§ PROVIDED DATA:
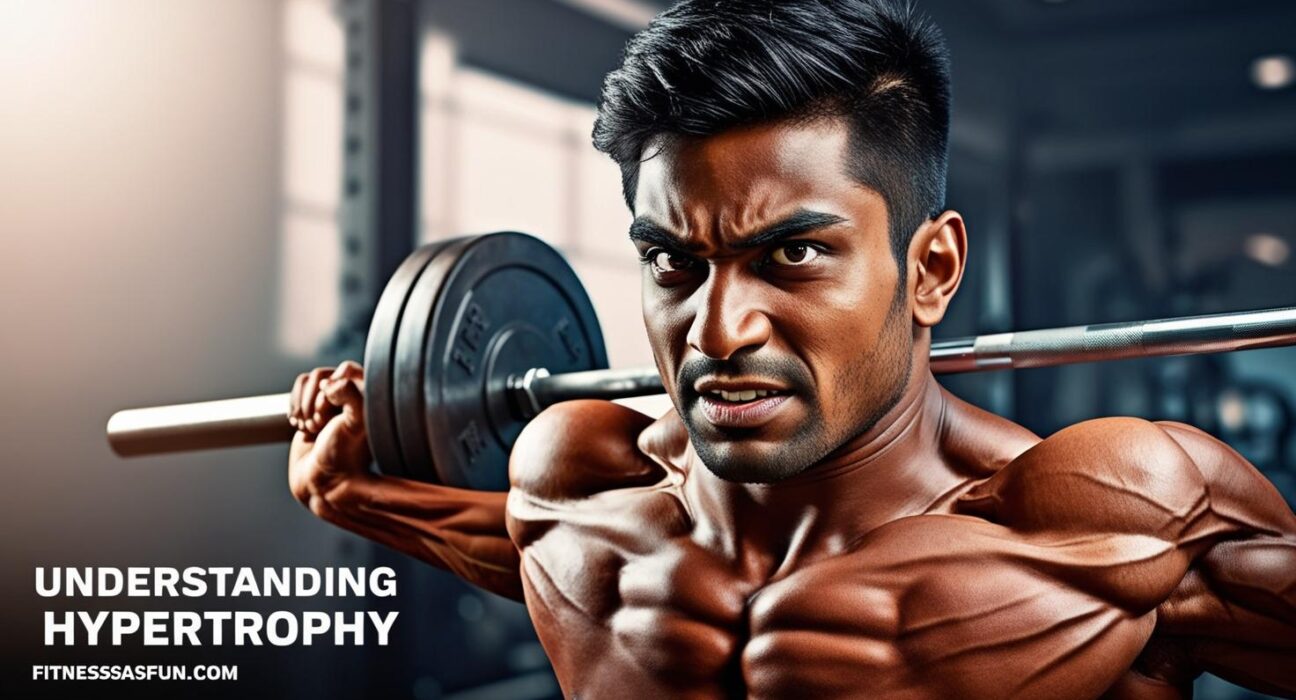 person lifting a heavy barbell close up on flexed muscles intense focus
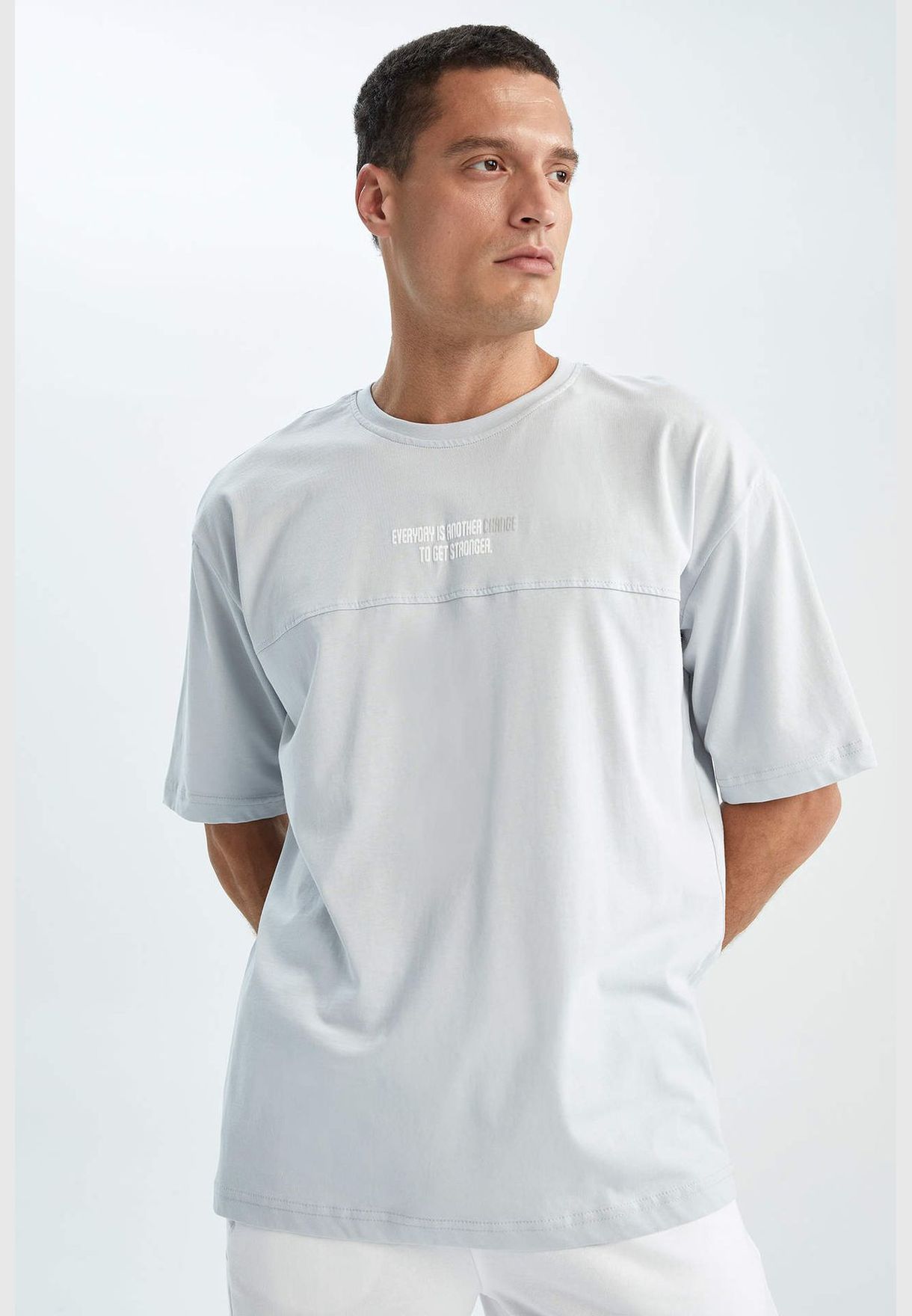 Oversized Short Sleeve Minimal Print T-Shirt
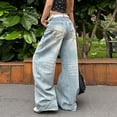 thumbnail image 5 of Barrel Jeans Women 2026 Trendy Washed Blue High Waisted Loose Fit Wide Leg Baggy Jeans Denim Pants Streetwear, 5 of 6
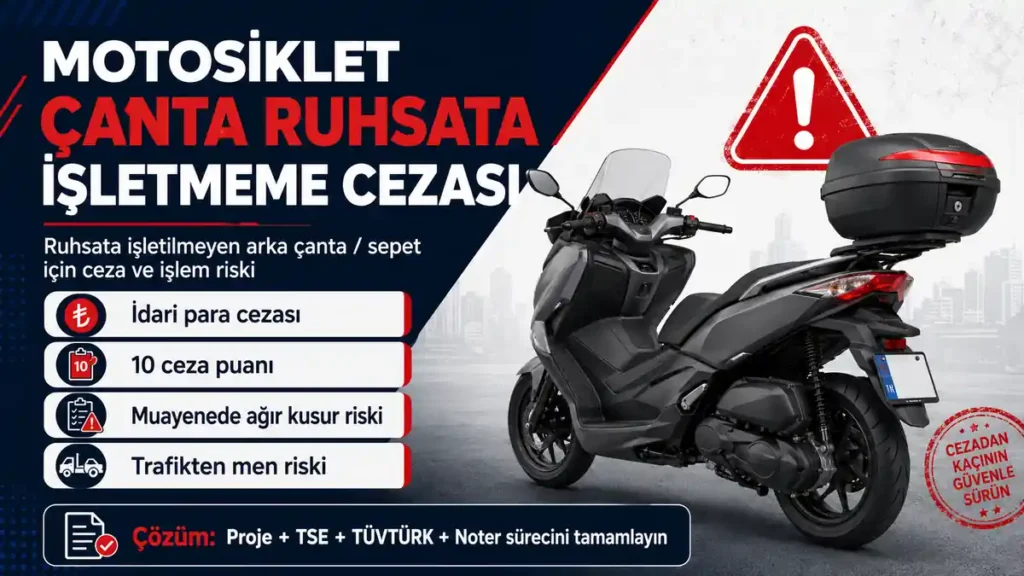 motosiklet çanta ruhsata işletmeme cezası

§ WHAT TO PRODUCE:
With the pictures removed, output the listing above exactly.

§ EXPECTED ANSWER:
 person lifting a heavy barbell close up on flexed muscles intense focus
 Oversized Short Sleeve Minimal Print T-Shirt
 thumbnail image 5 of Barrel Jeans Women 2026 Trendy Washed Blue High Waisted Loose Fit Wide Leg Baggy Jeans Denim Pants Streetwear, 5 of 6
 motosiklet çanta ruhsata işletmeme cezası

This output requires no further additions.